● **Exercise objective**
Return only the lines below starting at the line containing "Foto 3 pulgar" and ending at the line containing "Hyundai Heavy Indsturies'", both included, exactly as they are and with no pictures.

● **Input material**
┄┄┄┄┄┄

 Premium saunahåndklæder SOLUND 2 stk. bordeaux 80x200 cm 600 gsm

┄┄┄┄┄┄

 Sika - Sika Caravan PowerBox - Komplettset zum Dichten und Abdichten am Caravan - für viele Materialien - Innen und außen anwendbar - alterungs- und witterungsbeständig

┄┄┄┄┄┄

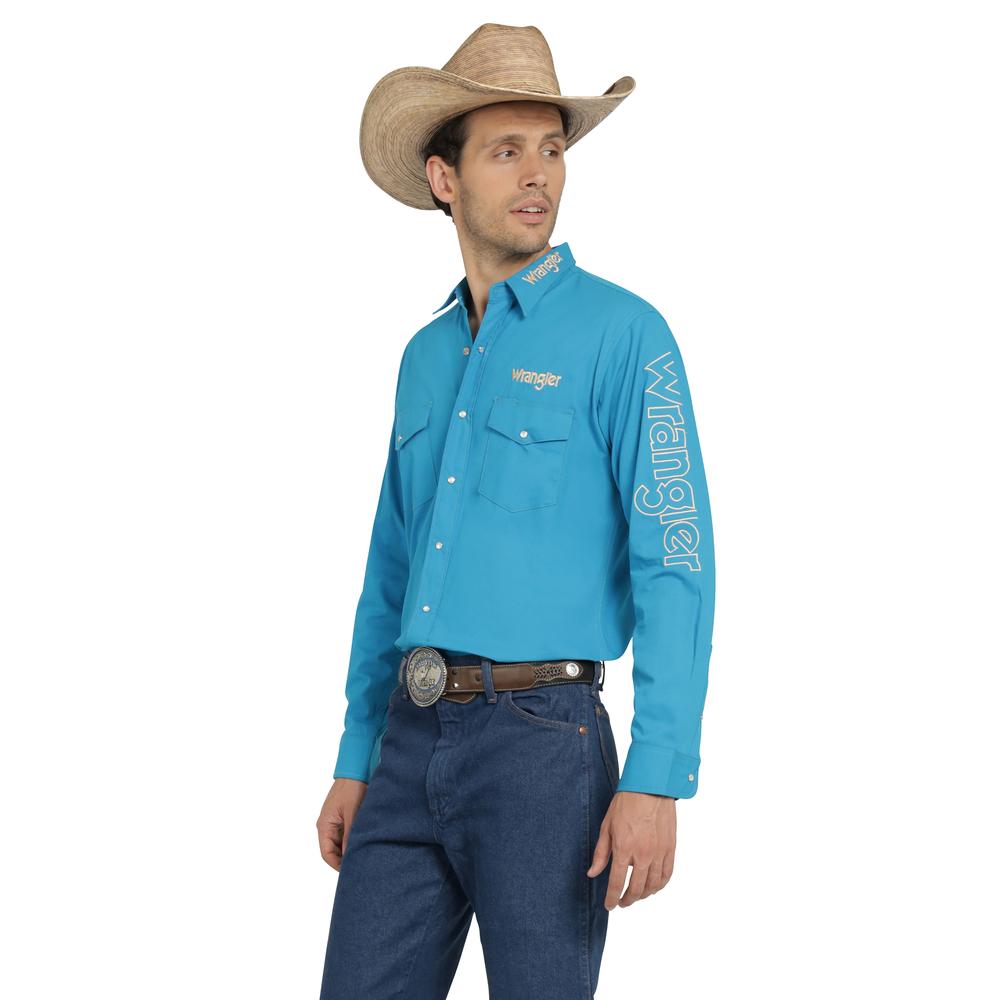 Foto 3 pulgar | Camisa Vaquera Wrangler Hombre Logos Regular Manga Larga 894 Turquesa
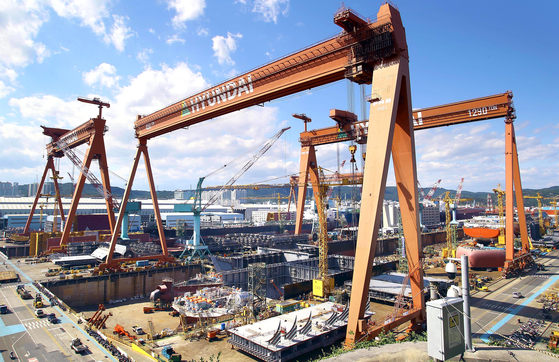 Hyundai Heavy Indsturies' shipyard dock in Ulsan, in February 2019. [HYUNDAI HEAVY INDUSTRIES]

┄┄┄┄┄┄

● **Answer to this task**
 Foto 3 pulgar | Camisa Vaquera Wrangler Hombre Logos Regular Manga Larga 894 Turquesa
 Hyundai Heavy Indsturies' shipyard dock in Ulsan, in February 2019. [HYUNDAI HEAVY INDUSTRIES]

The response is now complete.